Sparsity-promoting hierarchical Bayesian model for EIT with a blocky target
Daniela Calvetti, Monica Pragliola, Erkki Somersalo
TL;DR
This work develops a sparsity-promoting hierarchical Bayesian framework for nonlinear electrical impedance tomography (EIT) that targets nearly piecewise-constant conductivities. By formulating a two-layer prior on the edge-incidence vector ζ = Lξ and applying the Iterative Alternating Sequential (IAS) algorithm, the authors achieve computationally efficient MAP estimates through adjoint-based linearization and a data-space approach detailed with Lanczos bidiagonalization. They analyze convexity properties, propose hyperparameter strategies anchored in data sensitivity, and demonstrate both MAP and quasi-MAP performances on simulated EIT data, highlighting substantial speedups with only modest differences in reconstruction quality.
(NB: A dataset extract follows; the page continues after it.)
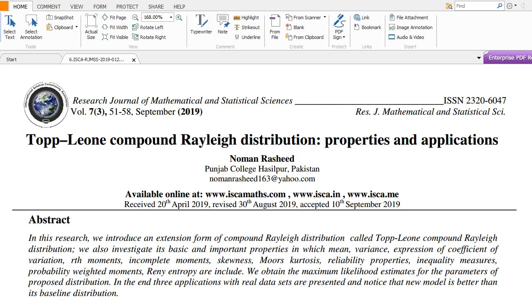Bismillahirrahmanirrahim. Assalamu alaikum. My name is Numan Asheed and you are watching my YouTube channel, Something About Statistics.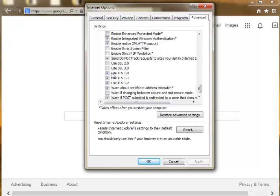And make sure that you tick TLS 1.0, TLS 1.1, and TLS 1.2. If you've changed anything, the Apply button will be lit up. So click Apply, then click OK.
The findings provide practical guidance for fast, edge-preserving EIT reconstructions and contribute theoretical insights into the convergence landscape of IAS for nonlinear inverse problems.
Abstract
The electrical impedance tomography (EIT) problem of estimating the unknown conductivity distribution inside a domain from boundary current or voltage measurements requires the solution of a nonlinear inverse problem. Sparsity promoting hierarchical Bayesian models have been shown to be very effective in the recovery of almost piecewise constant solutions in linear inverse problems. We demonstrate that by exploiting linear algebraic considerations it is possible to organize the calculation for the Bayesian solution of the nonlinear EIT inverse problem via finite element methods with sparsity promoting priors in a computationally efficient manner. The proposed approach uses the Iterative Alternating Sequential (IAS) algorithm for the solution of the linearized problems. Within the IAS algorithm, a substantial reduction in computational complexity is attained by exploiting the low dimensionality of the data space and an adjoint formulation of the Tikhonov regularized solution that constitutes part of the iterative updating scheme. Numerical tests illustrate the computational efficiency of the proposed algorithm. The paper sheds light also on the convexity properties of the objective function of the maximum a posteriori (MAP) estimation problem.